I appreciate that typdefs are not the same as member data, but I found this behaviour surprising, and I imagine many others would, too. So my question is twofold:
Is this standard behaviour? (a decent explanation of why would be very helpful)
Can one expect it to work on most modern compilers (i.e., how portable is it)?
#include <iostream>
class Base {
typedef int priv_t;
priv_t priv;
public:
typedef int pub_t;
pub_t pub;
Base() : priv(0), pub(1) {}
};
class PubDerived : public Base {
public:
// Not allowed since Base::priv is private
// void foo() {std::cout << priv << "\n";}
class Nested {
// Not allowed since Nested has no access to PubDerived member data
// void foo() {std::cout << pub << "\n";}
// Not allowed since typedef Base::priv_t is private
// void bar() {priv_t x=0; std::cout << x << "\n";}
};
};
class PrivDerived : private Base {
public:
// Allowed since Base::pub is public
void foo() {std::cout << pub << "\n";}
class Nested {
public:
// Works (gcc 4.4 - see below)
void fred() {pub_t x=0; std::cout << x << "\n";}
};
};
int main() {
// Not allowed since typedef Base::priv_t private
// std::cout << PubDerived::priv_t(0) << "\n";
// Allowed since typedef Base::pub_t is inaccessible
std::cout << PubDerived::pub_t(0) << "\n"; // Prints 0
// Not allowed since typedef Base::pub_t is inaccessible
//std::cout << PrivDerived::pub_t(0) << "\n";
// Works (gcc 4.4)
PrivDerived::Nested o;
o.fred(); // Prints 0
return 0;
}
Preface: In the answer below I refer to some differences between C++98 and C++03. However, it turns out that the change I'm talking about haven't made it into the standard yet, so C++03 is not really different from C++98 in that respect (thanks to Johannes for pointing that out). Somehow I was sure I saw it in C++03, but in reality it isn't there. Yet, the issue does indeed exist (see the DR reference in Johannes comment) and some compilers already implement what they probably consider the most reasonable resolution of that issue. So, the references to C++03 in the text below are not correct. Please, interpret the references to C++03 as references to some hypothetical but very likely future specification of this behavior, which some compilers are already trying to implement.

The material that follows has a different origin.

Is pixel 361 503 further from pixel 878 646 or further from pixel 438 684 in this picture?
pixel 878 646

It is important to note that there was a significant change in access rights for nested classes between C++98 and C++03 standards.
In C++98 nested class had no special access rights to the members of enclosing class. It was basically completely independent class, just declared in the scope of the enclosed class. It could only access public members of the enclosing class.

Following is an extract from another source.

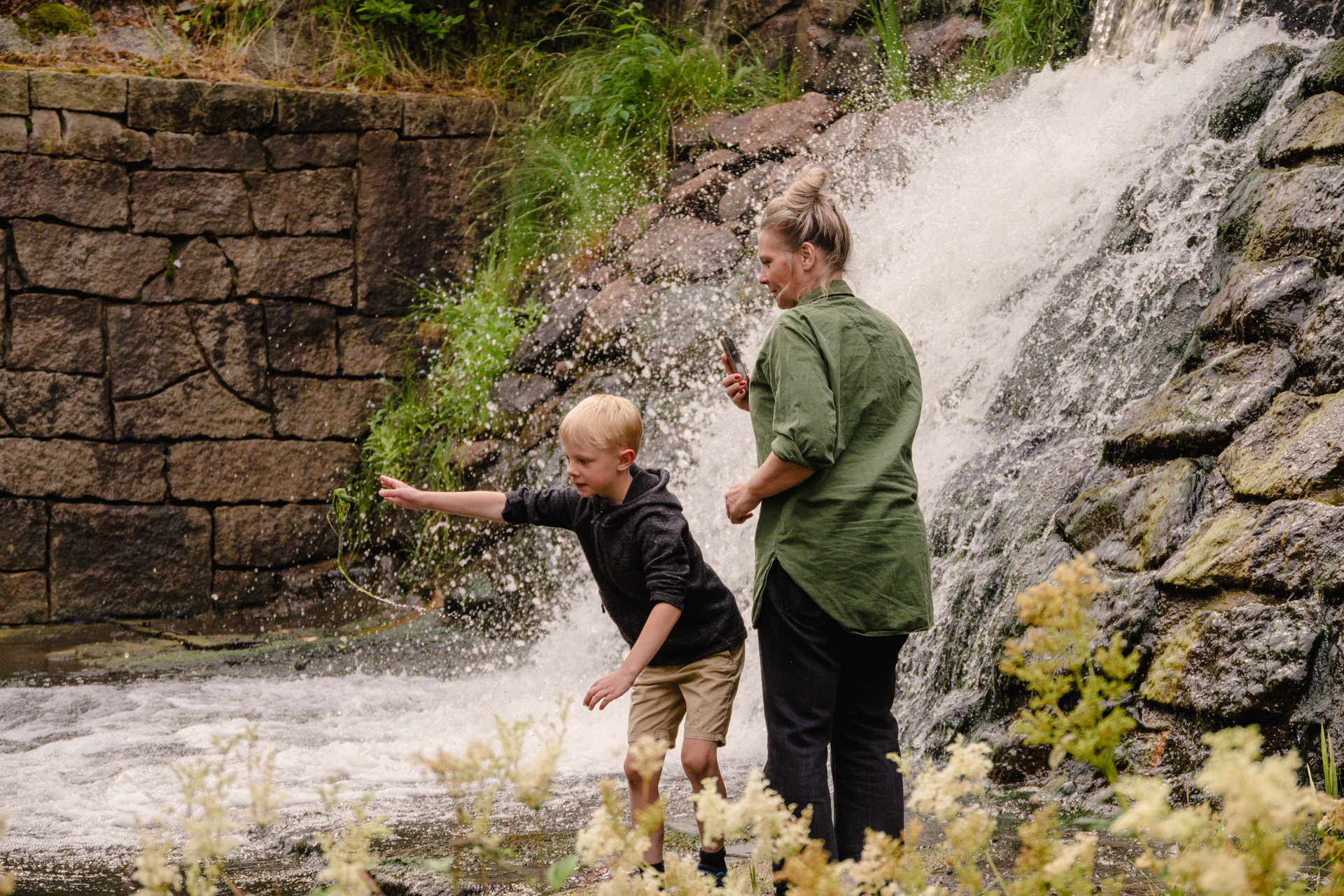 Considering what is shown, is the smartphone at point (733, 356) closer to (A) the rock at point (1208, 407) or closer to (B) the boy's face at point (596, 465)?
(B) the boy's face at point (596, 465)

In C++03 nested class was given access rights to the members of the enclosing class as a member of the enclosing class. More precisely, nested class was given the same access rights as a static member function of the enclosing class. I.e. now the nested class can access any members of the enclosing class, including private ones.
For this reason, you might observe the differences between different compilers and versions of the same compiler depending on when they implemented the new specification.
Of course, you have to remember that an object of the nested class is not tied in any way to any specific object of the enclosing class. As far as the actual objects are concerned, these are two independent classes. In order to access the non-static data members or methods of the enclosing class from the nested class you have to have a specific object of the enclosing class. In other words, once again, the nested class indeed behaves as just like a static member function of the enclosing class: it has no specific this pointer for the enclosing class, so it can't access the non-static members of the enclosing class, unless you make an effort to give it a specific object of the enclosing class to access. Without it the nested class can only access typedef-names, enums, and static members of the enclosing class.
A simple example that illustrates the difference between C++98 and C++03 might look as follows
class E {
enum Foo { A };
public:
enum Bar { B };
class I {
Foo i; // OK in C++03, error in C++98
Bar j; // OK in C++03, OK in C++98
};
};
This change is exactly what allows your PrivDerived::Nested::fred function to compile. It wouldn't pass compilation in a pedantic C++98 compiler.
Short answer: Nested classes have access to the containing classes private member in C++0x, but not C++1998 and C++2003. It is however legal for C++98 and C++2003 compilers support the C++0x behavior, since the old behavior is considered a defect.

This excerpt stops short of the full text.